Of course, at the end of the day the Government of Israel will decide what is in the best interests of the physical security of our people.  And that may mean painful choices.  But if those choices are not painful in the slightest to you, you need to reflect and ask yourself why you are not feeling the pain.  A good place to start in terms of remedying that nonchalance is the Bible. 


Read Tanach regularly.  You will start to see the entire Land of Israel in a whole different light.  May we never have to compromise on the land of our forefathers!

Is there life on other planets?

Daf Yomi Bava Basra 37


Is there life on other planets?  NASA is constantly discovering new stars and planetary systems.  They recently discovered a whole new galaxy with a number of planets similar to ours.  And all of a sudden, we’re wondering once again what life might be like out there?  And if there is life, how do we get in contact with them?  Do they know about us?  Would they be surprised to learn of life on our planet?

But while they’re off spending billions of dollars checking out other solar systems, do you ever wonder how much of our own planet we’ve discovered?  The answer is not very much.  There are literally thousands of miles below us.  And yet all we’ve really touched so far is the small area a few miles deeper than our Earth’s surface. 

The Nehardeans say: One who sells a date-palm to his friend, transfers to him from the bottom of the tree to the depths of the earth (tehom).
Rashbam explains: The original owner has sold his rights to dig beneath the tree, even one thousand cubits below!
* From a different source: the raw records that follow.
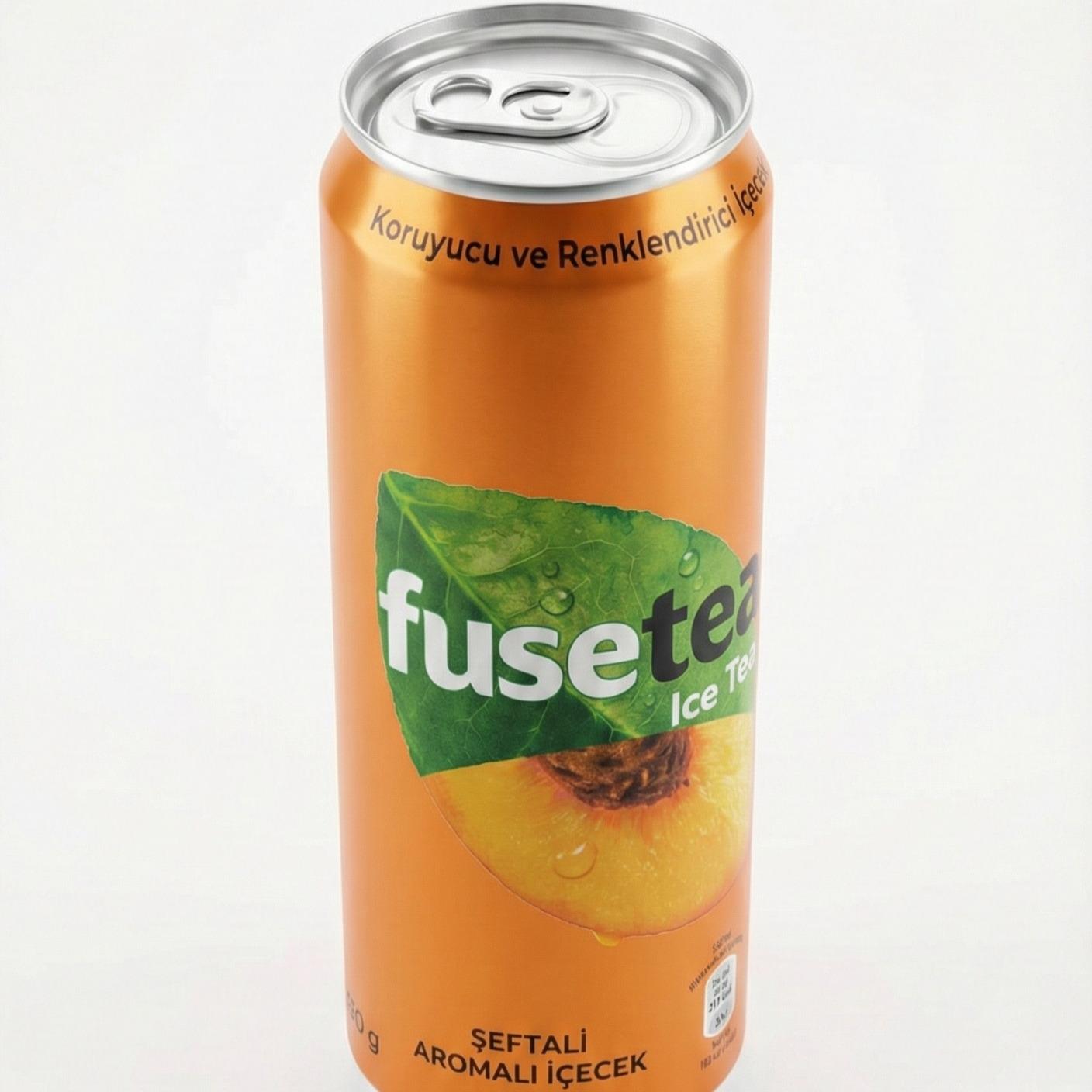 Fuse Tea Şeftali Kutu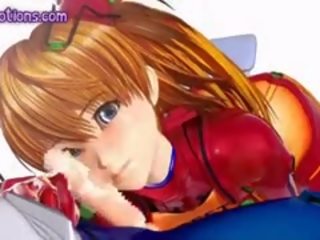 Dirty film Animated Doll Delighting A penis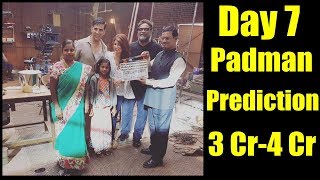 Watch Padman Box Office Prediction Day 7 Video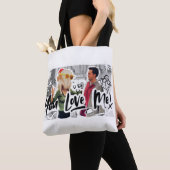 FRIENDS™ | Thanksgiving Turkije Hoofd Monica Tote Bag (Dichtbij)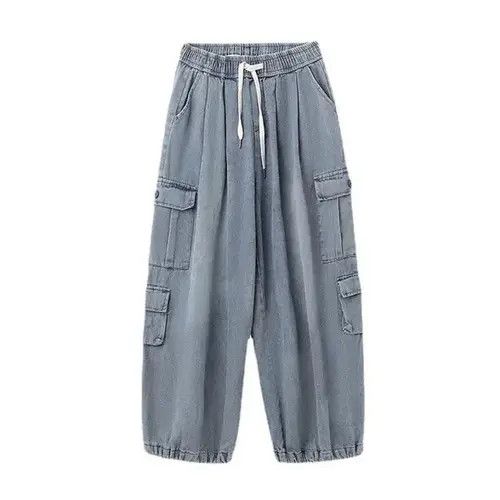 Japanese Brand Baggy cargo pants Size US 34 / EU 50 - 2 Thumbnail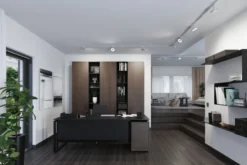 URail Schienenspot 3-Step-Dim - Circle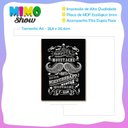 Ver imagem 4 de Placa Mdf Barbearia Rústica Decorativa Parede Tam A4 Br10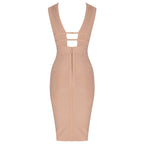 Rebecca Bandage Dress with Cut Out Detail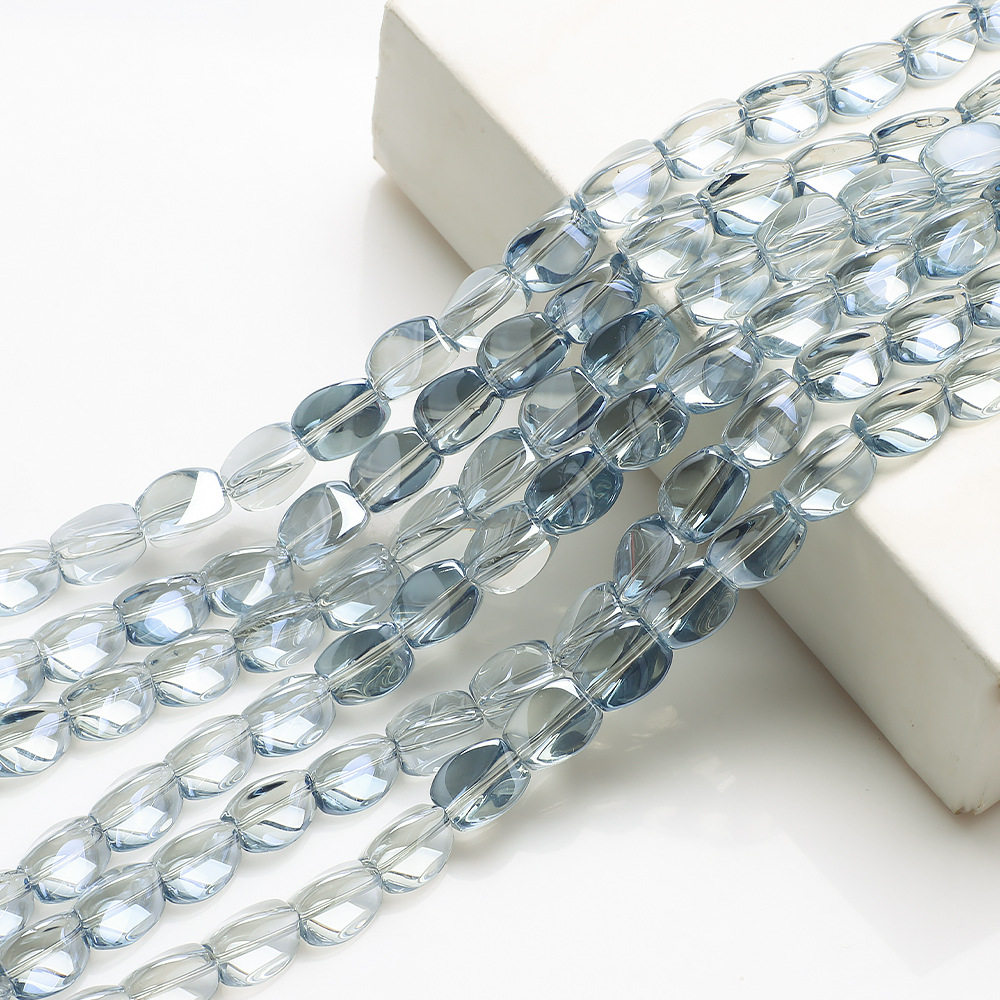 32g Weight Beads Jewelry Making Type 10 * 12mm Jewelry Making Size DIY Jewelry Accessories Classification 20 PCS/Package Quantity glass Material Irregular Pattern Plating Design Simple Style Style 20 PCS/Package 10 * 12mm Glass Irregular DIY Jewelry Accessories Beads 7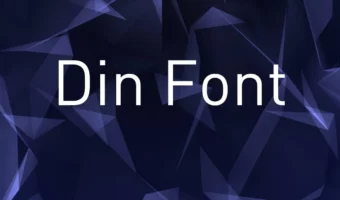 Din Font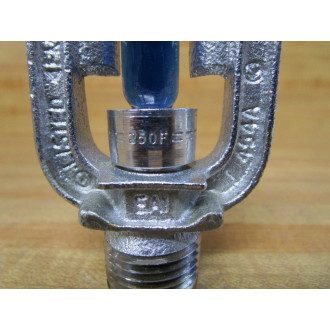 EA1 Sprinkler Head 454A Silver Color - New No Box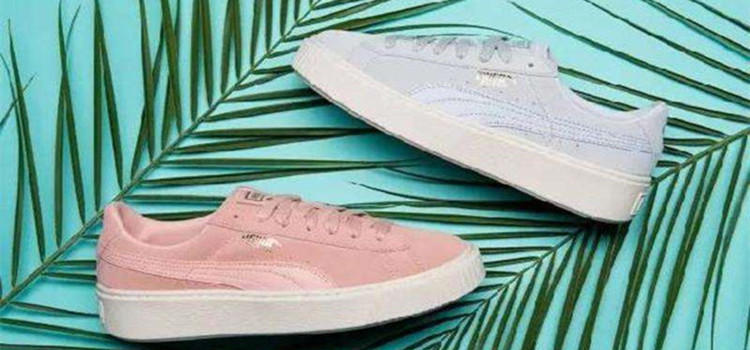 高颜值樱花粉鞋,百搭小众学生粉鞋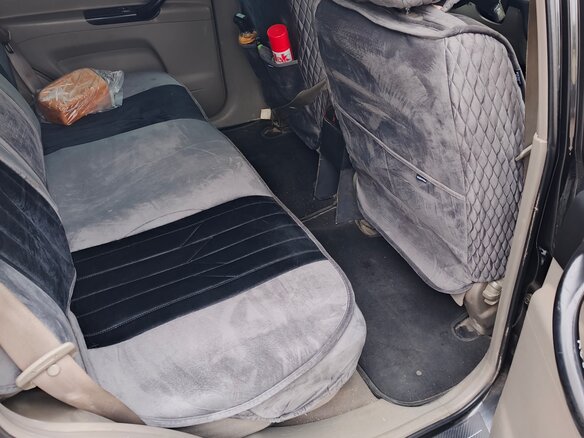 2007 Chevrolet Rezzo, чёрный, 375000 рублей - вид 8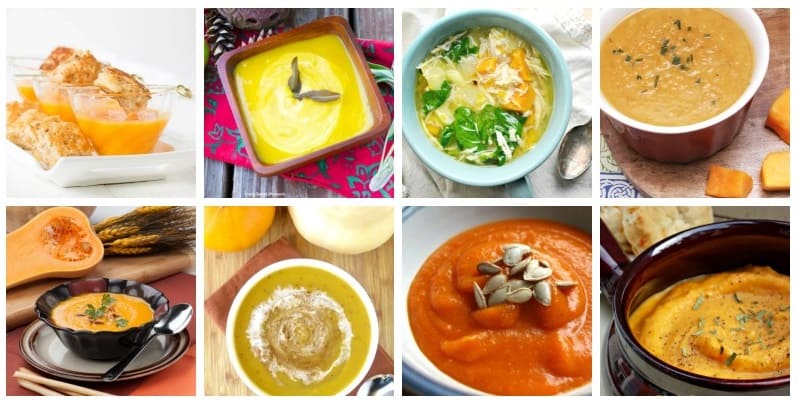 Butternut Squash Soup Recipes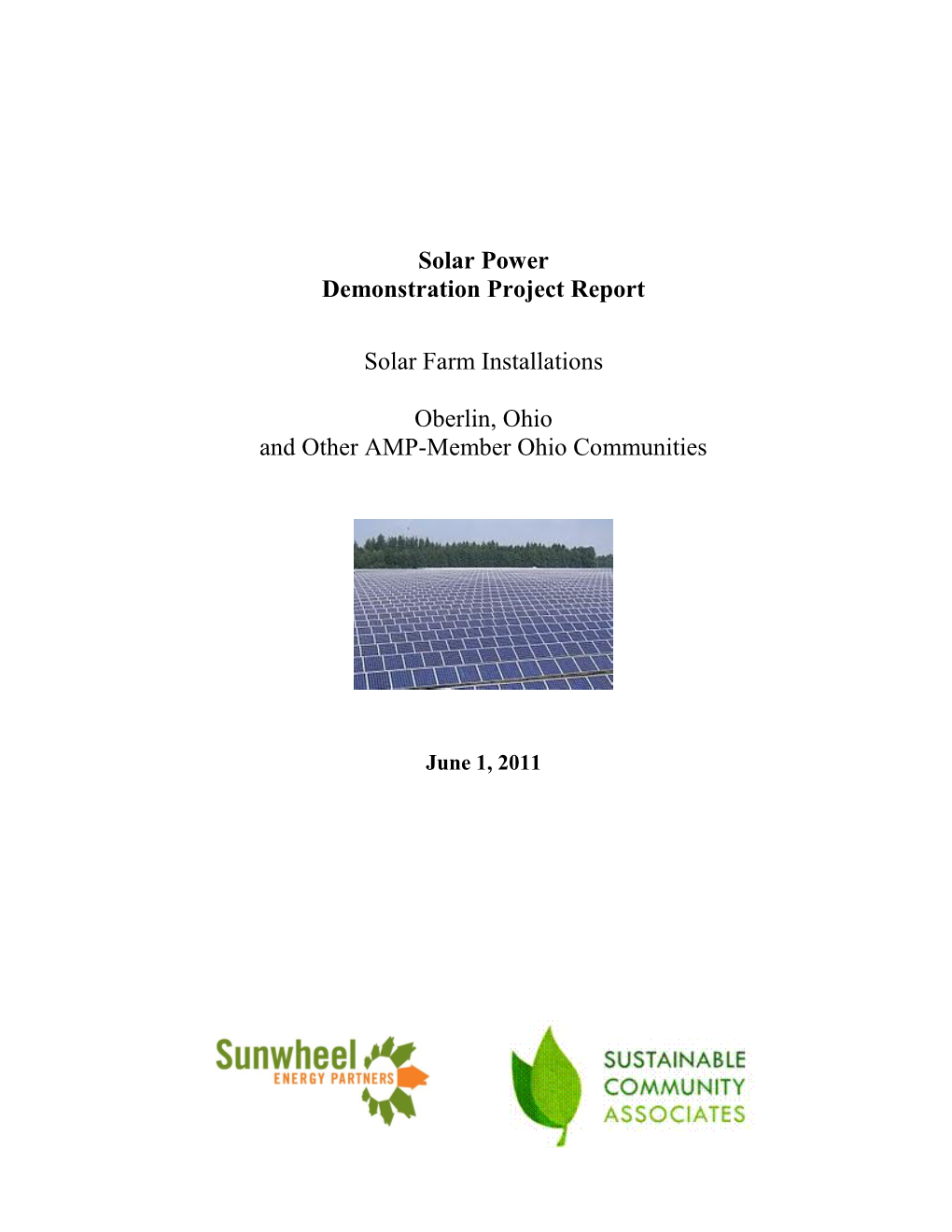 Solar Farm Installations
You know why nobody cares about what lies beneath?  Because it seems so irrelevant.  There’s nothing important down there.  So the real question becomes: why does our planet require all the extra depth when we have no need for it? 

The Nehardeans in our Gemara make a powerful statement about the inner-workings of our world.  We all know that a tree doesn’t grow on top of the field.  Its roots run deep into the ground, from where it derives its nourishment.  But listen to the words of the Nehardeans: A tree is connected not just to the area of the soil occupied by the roots, but all the way down to the depths of the Earth!  In other words, the entire depth of our planet is essential to life above the surface!  

When Hashem created the world, the Torah states, “the darkness was upon the deep (tehom).”  The Ralbag explains that the tehom is synonymous with the element of earth.  In those deepest recesses of the Earth, everything is dark and unknown.  And yet, without that deep, dark, unknown, the tree on top couldn’t grow.

Sometimes in life, we feel overwhelmed by the deep, dark, unknown.  We struggle with health issues, relationship problems, financial difficulties.  And it seems almost claustrophobic, so dark, so buried alive.  We feel like there’s nowhere out, nowhere to turn.  Trapped beneath the thickness of the earth.

At those times, you need to remember that the entire ‘deep’ is an essential part of the tree on top of the surface.  How do you grow in life?  How do you become strong and bear fruit? When you harness life’s challenges to grow and become stronger.

Nobody chooses the challenges the Almighty sends their way.  But if you had no challenges, no hurdles in life, there would be no point living.  You might as well have stayed up there in Heaven with Dad.  He sent you down here to Earth for you to be challenged and overcome the challenges.  When you do so, your soul reaches an even greater spiritual height than it ever previously enjoyed!  That’s why it’s the deep, dark, unknown that creates the strong, powerful tree above the surface.  Without the trials and tribulations, there can be no successes.


I don’t know about you, but I think life is challenging enough as it is on this planet, without worrying about what other difficulties we might have to encounter elsewhere!   May you harness all the energy of the deep to become the strong, powerful, fruit-bearing individual Hashem has destined you to be!